In his May 1964 report to the staff conference, Sanny mentioned that H.J. Taylor was serving on the board, and that this was working very well. He told the staff, “I’m going to be recommending that we increase the board to nine and that we add four—not all at one time—non-staff and five staff members on our board.”9

A month later, looking to the future, Sanny told his continental directors that “local corporations of The Navigators” should have a majority of staff on their boards.10

Gradually, three trends converged to influence the posture of the US board:

  1. A strong overseas resistance to perceived American “domination”
  2. The growing realization that the US board could not help with overseas problems
  3. The expanding US work, which required increased board involvement

Until 1977, this board considered itself to be responsible for the entire Navigator work around the world; however, its relationship with the early boards emerging in a few countries outside the US remained untested.

In 1963, we solicited the help of the American City Bureau to expand our financial resources. They recommended that the board should be largely a non-staff board because foundations and wealthy people would not give to an organization controlled by a staff board.

Sanny gave considerable thought to the basis for a board. Though he could find no direct counterpart in the Scriptures, wise counsel (Proverbs 24:5-6) and the need to demonstrate to “all men” that we are “honest and above suspicion” (2 Corinthians 8:21) influenced his thinking. He recognized that a board of directors, under US law, is a legal requirement. It represents the owners or stockholders, and is the responsible organ of the enterprise.

We recognized that the chief value of an outside board was to demonstrate our commitment to be  wise and honest stewards of the resources entrusted to us. An outside board could give objective counsel, whereas “insiders” might be too emotionally involved. It was important, also, to assure large donors that we were well managed. However, after weighing the many reasons advanced for having an outside board, we concluded that they were not necessarily valid in our case.

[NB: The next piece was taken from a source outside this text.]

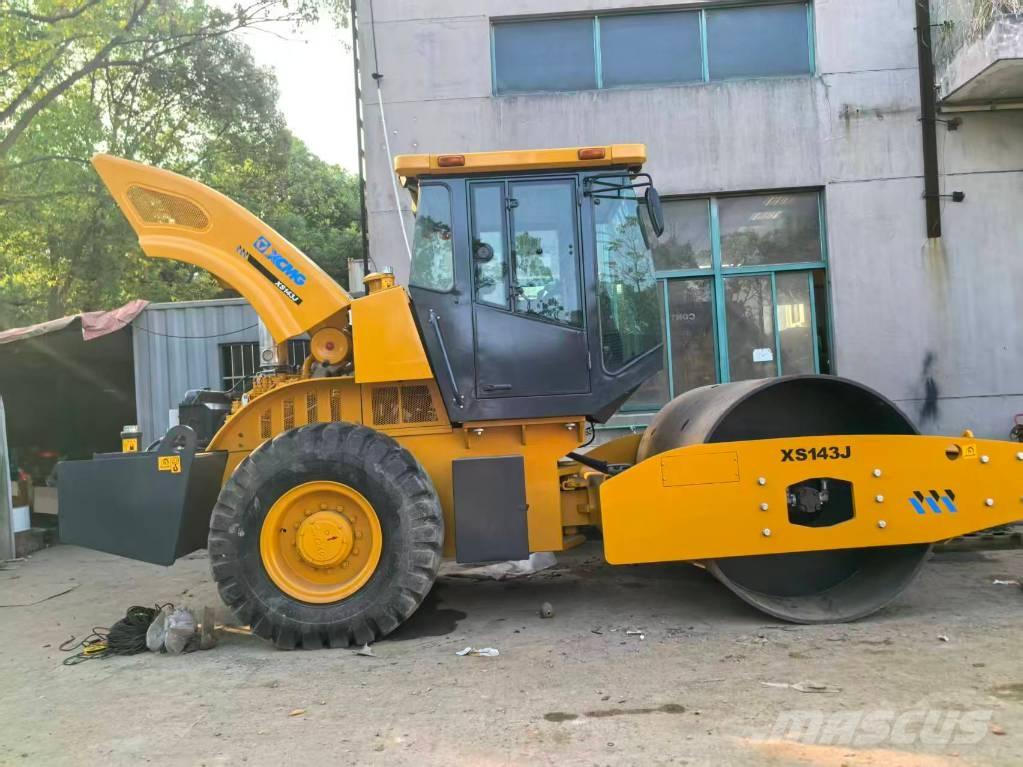 XCMG XS 142 J 单轮压路机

Among the reasons for Sanny’s resistance to an “outside” board were:

  • God uses a man, not a committee
  • Such boards are generally too busy to keep current on our strategy and tactics
  • They do not help to carry out policies that they have helped establish
  • The problems encountered in Young Life, Child Evangelism Fellowship, and other  organizations prompt us to shy away from a predominantly “outside” board

Sanny added that “one of our big problems on the matter of a board is that of human nature.” We should be aware of the following tendencies:

  1. Susceptibility to power
  2. Changeableness—in opportunity, health, attitudes, outlook
  3. Limited knowledge, limited experience
  4. Limited capacity to bear certain responsibilities

His notes end with an additional reflection on electing board members, taken from The Life of Faith by A.W. Tozer, which ran for three paragraphs warning against ambition,11 unqualified democracy, and hesitant leadership.

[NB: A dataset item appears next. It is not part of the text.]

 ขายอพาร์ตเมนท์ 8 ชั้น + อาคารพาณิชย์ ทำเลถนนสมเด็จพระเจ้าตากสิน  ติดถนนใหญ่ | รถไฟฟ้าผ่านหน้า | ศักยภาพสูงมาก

In the 1960s, our board’s responsibility fell into two categories:

  1. Legal: to act as trustees for holding property; to be the legal representatives of The Navigators where such corporate representation was needed.
  2. Administrative: to administer the work of The Navigators through the president and the team he selects to help him; to review, to appraise, and to receive appeals.

In the early 1960s, we considered a proposal that our continental directors be members of the board. This would allow all the staff to be directly represented and provide a richer perspective on the nations. Disadvantages included the difficulty of meeting often enough and the imbalance between the size of the largest and smallest entities. Furthermore, Sanny was reluctant to have all his assistants serve on the board. Then, in 1964, it was agreed that the overseas director, instead of the continental directors, should serve on our board.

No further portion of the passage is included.